** Exercise objective **
Gather every line in the records below that contains the word "Street".

═════ Given records ═════

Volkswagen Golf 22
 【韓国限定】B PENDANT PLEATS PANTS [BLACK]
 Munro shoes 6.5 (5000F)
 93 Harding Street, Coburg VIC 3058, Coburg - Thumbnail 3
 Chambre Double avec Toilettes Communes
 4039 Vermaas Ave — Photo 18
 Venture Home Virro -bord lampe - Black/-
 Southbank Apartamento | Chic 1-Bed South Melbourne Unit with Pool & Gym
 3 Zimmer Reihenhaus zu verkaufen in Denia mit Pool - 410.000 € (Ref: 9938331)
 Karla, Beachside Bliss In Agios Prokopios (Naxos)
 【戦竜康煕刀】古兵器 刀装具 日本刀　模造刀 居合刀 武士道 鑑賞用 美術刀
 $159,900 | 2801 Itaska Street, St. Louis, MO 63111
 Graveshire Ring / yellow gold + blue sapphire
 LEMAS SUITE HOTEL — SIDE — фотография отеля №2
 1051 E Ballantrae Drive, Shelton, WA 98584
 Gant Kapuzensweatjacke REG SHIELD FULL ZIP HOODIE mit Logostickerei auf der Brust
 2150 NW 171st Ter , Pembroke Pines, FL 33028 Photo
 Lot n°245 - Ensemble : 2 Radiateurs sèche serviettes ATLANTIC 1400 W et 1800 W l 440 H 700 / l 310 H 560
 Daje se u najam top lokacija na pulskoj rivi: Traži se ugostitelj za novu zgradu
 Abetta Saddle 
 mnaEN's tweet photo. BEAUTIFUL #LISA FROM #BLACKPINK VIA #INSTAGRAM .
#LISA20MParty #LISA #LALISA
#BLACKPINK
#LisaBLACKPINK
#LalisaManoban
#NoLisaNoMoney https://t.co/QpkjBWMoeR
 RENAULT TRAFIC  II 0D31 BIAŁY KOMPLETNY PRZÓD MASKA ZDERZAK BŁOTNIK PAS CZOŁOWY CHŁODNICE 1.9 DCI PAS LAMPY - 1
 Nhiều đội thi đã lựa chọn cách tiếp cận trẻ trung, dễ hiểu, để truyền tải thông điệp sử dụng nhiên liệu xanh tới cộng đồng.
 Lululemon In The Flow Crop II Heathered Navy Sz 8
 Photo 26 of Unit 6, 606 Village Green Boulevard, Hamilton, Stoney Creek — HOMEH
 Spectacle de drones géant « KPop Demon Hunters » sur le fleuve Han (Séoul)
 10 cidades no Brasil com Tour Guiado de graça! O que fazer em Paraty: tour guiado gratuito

═════

** Result below **
 93 Harding Street, Coburg VIC 3058, Coburg - Thumbnail 3
 $159,900 | 2801 Itaska Street, St. Louis, MO 63111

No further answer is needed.